◆ Task ◆
Would you write out the data below exactly, with every line intact?

◆ Supplied data ◆

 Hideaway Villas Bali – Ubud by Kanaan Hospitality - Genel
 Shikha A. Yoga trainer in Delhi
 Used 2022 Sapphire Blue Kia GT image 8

◆ Response ◆
 Hideaway Villas Bali – Ubud by Kanaan Hospitality - Genel
 Shikha A. Yoga trainer in Delhi
 Used 2022 Sapphire Blue Kia GT image 8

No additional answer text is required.